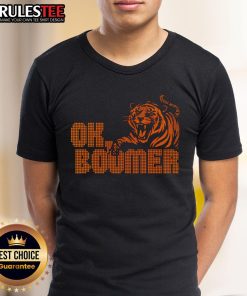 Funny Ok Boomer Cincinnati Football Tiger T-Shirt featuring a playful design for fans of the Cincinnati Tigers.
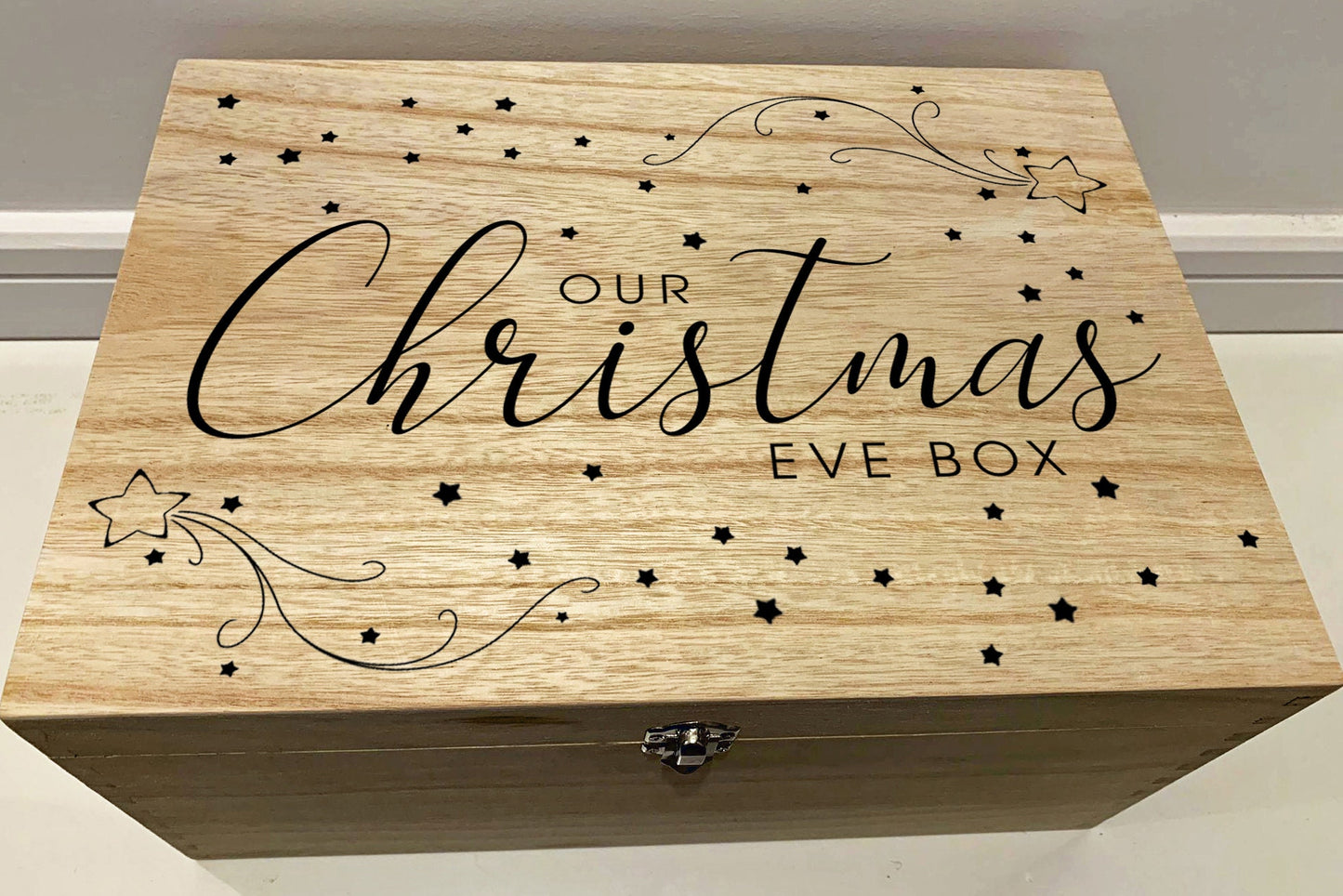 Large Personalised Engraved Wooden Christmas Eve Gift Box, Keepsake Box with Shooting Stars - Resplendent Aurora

##############################

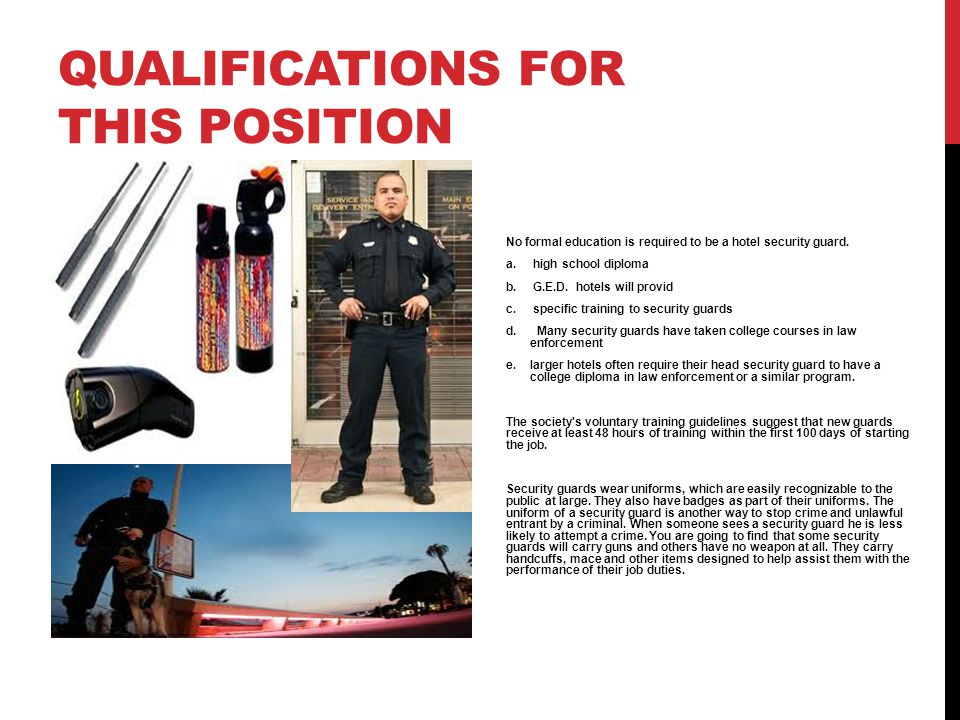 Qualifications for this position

##############################

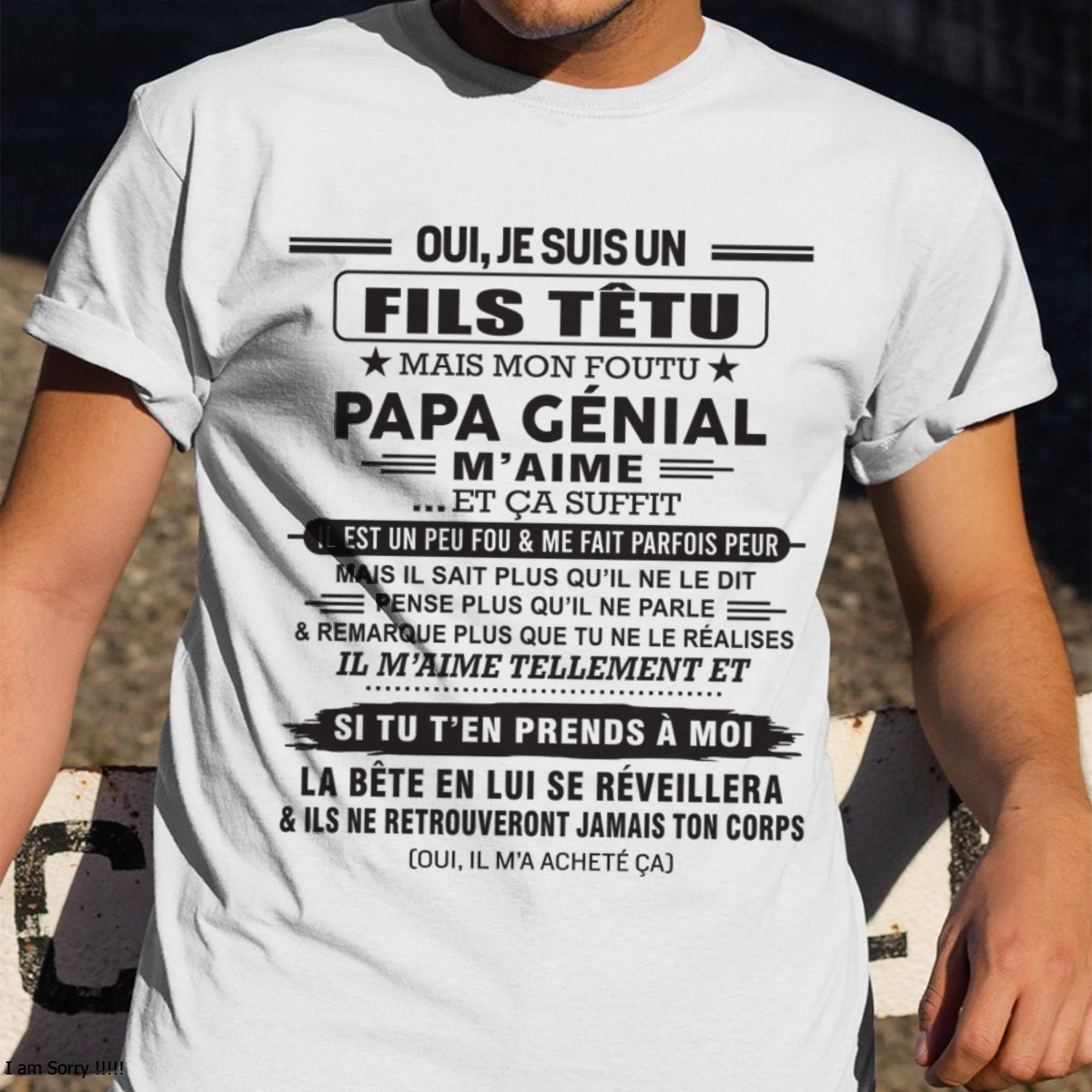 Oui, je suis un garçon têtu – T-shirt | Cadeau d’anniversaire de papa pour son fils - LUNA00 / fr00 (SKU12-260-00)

##############################

-- TASK --
Reproduce the listing above only between the lines holding "Funny Ok Boomer" and "Large Personalised Engraved", inclusive. Every line must match exactly, and pictures are dropped.

-- EXPECTED ANSWER --
 Funny Ok Boomer Cincinnati Football Tiger T-Shirt featuring a playful design for fans of the Cincinnati Tigers.
 Large Personalised Engraved Wooden Christmas Eve Gift Box, Keepsake Box with Shooting Stars - Resplendent Aurora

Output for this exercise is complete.